Data for this task section start
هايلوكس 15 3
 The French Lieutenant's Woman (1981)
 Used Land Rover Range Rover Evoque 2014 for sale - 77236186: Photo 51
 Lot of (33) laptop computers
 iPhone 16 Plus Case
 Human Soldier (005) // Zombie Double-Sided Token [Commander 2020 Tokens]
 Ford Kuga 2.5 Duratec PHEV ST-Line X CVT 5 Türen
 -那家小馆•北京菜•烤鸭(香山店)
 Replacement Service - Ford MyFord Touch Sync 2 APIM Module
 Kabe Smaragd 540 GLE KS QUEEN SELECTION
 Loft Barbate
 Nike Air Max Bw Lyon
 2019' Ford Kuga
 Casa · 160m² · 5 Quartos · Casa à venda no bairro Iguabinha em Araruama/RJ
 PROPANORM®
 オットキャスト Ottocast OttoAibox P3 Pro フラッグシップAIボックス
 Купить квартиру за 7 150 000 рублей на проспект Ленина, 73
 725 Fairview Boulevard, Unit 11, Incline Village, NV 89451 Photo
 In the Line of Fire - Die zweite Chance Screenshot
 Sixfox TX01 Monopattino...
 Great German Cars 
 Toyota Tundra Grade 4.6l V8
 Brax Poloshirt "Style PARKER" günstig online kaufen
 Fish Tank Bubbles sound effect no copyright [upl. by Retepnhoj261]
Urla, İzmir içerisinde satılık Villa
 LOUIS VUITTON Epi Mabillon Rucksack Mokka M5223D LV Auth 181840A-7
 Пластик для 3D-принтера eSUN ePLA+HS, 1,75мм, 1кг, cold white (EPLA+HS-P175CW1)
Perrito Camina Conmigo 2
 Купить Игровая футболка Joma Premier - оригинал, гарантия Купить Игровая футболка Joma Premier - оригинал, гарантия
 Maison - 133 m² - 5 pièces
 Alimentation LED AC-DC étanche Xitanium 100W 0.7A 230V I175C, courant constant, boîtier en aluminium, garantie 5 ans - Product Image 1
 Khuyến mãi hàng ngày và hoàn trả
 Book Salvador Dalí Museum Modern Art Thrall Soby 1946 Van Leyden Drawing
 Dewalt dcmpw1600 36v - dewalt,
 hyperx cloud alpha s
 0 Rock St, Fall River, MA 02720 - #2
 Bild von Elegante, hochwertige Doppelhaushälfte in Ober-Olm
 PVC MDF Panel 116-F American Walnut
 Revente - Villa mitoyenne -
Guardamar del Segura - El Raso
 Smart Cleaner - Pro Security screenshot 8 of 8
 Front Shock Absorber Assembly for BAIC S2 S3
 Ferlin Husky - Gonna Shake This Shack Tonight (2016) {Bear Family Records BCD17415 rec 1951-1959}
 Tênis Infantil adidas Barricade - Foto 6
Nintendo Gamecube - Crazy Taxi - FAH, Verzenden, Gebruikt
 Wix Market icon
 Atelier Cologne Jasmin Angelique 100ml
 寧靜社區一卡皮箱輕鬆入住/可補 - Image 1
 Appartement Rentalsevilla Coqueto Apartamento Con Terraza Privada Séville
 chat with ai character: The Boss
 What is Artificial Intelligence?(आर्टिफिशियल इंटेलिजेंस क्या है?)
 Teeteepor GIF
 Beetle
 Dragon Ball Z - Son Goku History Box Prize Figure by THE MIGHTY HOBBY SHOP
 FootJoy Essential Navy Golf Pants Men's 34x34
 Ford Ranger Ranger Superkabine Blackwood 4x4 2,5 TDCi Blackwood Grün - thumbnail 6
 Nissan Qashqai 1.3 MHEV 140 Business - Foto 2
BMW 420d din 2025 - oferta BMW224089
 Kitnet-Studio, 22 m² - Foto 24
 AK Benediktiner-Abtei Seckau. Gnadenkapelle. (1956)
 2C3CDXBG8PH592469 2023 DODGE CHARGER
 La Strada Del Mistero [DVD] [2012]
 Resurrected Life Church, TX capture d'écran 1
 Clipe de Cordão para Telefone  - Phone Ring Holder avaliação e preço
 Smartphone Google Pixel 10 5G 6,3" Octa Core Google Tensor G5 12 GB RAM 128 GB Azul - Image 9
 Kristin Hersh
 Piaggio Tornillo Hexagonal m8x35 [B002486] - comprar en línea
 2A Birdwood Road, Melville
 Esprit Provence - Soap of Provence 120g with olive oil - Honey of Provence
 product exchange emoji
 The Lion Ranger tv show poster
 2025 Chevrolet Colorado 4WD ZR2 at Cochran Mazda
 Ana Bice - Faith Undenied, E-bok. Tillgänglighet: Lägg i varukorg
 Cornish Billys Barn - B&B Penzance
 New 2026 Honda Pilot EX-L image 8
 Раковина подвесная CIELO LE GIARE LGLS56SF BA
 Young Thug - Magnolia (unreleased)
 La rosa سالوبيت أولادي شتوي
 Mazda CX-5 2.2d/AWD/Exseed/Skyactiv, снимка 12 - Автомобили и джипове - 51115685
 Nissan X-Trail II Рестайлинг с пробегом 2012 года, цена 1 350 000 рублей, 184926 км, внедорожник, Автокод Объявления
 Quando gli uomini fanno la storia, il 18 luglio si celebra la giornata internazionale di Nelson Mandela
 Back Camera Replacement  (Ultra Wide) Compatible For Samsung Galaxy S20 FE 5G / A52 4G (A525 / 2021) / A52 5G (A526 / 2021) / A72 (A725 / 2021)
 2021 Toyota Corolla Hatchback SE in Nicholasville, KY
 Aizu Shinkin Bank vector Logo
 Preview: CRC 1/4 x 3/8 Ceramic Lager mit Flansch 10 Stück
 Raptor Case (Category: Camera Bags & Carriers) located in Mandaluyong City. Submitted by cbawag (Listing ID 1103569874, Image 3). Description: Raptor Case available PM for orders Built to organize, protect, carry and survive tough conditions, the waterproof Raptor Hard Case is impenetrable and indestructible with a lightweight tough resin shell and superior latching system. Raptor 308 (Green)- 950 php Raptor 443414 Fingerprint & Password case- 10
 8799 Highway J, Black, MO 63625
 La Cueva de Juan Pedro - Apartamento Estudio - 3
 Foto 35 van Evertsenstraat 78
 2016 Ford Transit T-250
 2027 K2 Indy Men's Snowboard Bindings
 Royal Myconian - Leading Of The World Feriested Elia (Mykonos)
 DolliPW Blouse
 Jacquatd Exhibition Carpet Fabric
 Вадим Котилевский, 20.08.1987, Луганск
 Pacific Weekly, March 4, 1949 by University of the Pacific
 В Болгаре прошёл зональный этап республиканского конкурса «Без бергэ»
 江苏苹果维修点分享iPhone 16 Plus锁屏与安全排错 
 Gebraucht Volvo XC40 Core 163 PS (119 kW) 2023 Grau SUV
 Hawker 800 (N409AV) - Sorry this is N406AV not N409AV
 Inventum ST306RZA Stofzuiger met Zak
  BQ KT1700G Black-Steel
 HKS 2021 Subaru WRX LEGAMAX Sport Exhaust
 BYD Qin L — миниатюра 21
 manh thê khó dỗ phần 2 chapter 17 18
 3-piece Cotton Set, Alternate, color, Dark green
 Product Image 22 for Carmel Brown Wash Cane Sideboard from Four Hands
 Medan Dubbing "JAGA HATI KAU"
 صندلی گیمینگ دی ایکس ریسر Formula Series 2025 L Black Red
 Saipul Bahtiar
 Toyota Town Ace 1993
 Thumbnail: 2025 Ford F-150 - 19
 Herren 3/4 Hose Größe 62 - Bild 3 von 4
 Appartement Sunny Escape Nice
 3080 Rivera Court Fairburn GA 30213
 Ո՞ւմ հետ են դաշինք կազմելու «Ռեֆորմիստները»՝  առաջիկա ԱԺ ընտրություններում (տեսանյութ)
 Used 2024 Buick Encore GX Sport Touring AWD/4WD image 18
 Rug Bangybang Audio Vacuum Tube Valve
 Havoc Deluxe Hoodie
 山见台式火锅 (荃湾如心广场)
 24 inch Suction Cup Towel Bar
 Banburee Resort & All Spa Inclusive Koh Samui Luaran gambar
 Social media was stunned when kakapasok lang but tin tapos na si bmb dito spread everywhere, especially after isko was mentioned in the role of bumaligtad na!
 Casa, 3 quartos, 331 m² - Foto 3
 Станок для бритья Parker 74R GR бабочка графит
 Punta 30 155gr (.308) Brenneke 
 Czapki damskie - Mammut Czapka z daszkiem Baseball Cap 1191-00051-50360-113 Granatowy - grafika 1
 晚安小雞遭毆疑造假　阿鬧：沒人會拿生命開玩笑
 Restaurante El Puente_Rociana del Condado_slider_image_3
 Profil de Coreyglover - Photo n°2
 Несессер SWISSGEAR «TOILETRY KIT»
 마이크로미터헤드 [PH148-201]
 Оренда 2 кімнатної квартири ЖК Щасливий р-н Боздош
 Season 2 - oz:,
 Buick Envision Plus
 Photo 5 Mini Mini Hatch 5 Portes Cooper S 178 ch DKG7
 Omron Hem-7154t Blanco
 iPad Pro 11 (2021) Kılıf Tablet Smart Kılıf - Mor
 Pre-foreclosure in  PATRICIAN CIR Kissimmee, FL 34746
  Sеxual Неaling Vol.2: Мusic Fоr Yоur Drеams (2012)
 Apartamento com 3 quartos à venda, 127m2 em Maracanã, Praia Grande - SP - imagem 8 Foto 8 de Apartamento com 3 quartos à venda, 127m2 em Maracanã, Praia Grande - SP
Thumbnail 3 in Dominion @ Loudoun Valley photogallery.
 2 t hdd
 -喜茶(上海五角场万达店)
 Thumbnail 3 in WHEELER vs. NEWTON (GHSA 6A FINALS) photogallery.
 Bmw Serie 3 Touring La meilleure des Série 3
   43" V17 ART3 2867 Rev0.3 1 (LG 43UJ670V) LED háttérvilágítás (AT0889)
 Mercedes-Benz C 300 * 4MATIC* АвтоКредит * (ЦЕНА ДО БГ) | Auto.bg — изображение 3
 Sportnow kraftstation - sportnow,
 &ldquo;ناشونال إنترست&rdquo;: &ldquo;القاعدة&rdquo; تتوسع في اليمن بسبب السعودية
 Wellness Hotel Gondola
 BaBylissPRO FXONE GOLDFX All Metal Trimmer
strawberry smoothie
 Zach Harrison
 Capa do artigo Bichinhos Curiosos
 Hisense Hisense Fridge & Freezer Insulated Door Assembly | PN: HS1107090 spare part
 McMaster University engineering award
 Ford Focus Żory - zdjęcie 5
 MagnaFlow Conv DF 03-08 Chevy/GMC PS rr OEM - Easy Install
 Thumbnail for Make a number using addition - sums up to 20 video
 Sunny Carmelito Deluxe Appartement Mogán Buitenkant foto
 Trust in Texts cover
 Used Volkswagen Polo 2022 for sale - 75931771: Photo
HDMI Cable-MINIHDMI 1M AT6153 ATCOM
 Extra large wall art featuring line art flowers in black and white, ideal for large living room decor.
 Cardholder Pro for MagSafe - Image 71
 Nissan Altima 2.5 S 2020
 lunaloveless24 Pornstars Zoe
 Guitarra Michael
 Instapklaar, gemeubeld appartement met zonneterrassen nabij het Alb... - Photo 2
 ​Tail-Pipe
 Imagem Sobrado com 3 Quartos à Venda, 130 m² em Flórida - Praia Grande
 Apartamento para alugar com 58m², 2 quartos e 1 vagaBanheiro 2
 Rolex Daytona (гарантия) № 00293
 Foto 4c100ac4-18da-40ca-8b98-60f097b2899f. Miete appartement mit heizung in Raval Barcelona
Data for this task section end
### Try it
Extract exactly and only the lines above from the line containing "8799 Highway J, Black, MO 63625" through the line containing "BQ KT1700G Black-Steel", both end lines included.

### Answer section
 8799 Highway J, Black, MO 63625
 La Cueva de Juan Pedro - Apartamento Estudio - 3
 Foto 35 van Evertsenstraat 78
 2016 Ford Transit T-250
 2027 K2 Indy Men's Snowboard Bindings
 Royal Myconian - Leading Of The World Feriested Elia (Mykonos)
 DolliPW Blouse
 Jacquatd Exhibition Carpet Fabric
 Вадим Котилевский, 20.08.1987, Луганск
 Pacific Weekly, March 4, 1949 by University of the Pacific
 В Болгаре прошёл зональный этап республиканского конкурса «Без бергэ»
 江苏苹果维修点分享iPhone 16 Plus锁屏与安全排错 
 Gebraucht Volvo XC40 Core 163 PS (119 kW) 2023 Grau SUV
 Hawker 800 (N409AV) - Sorry this is N406AV not N409AV
 Inventum ST306RZA Stofzuiger met Zak
  BQ KT1700G Black-Steel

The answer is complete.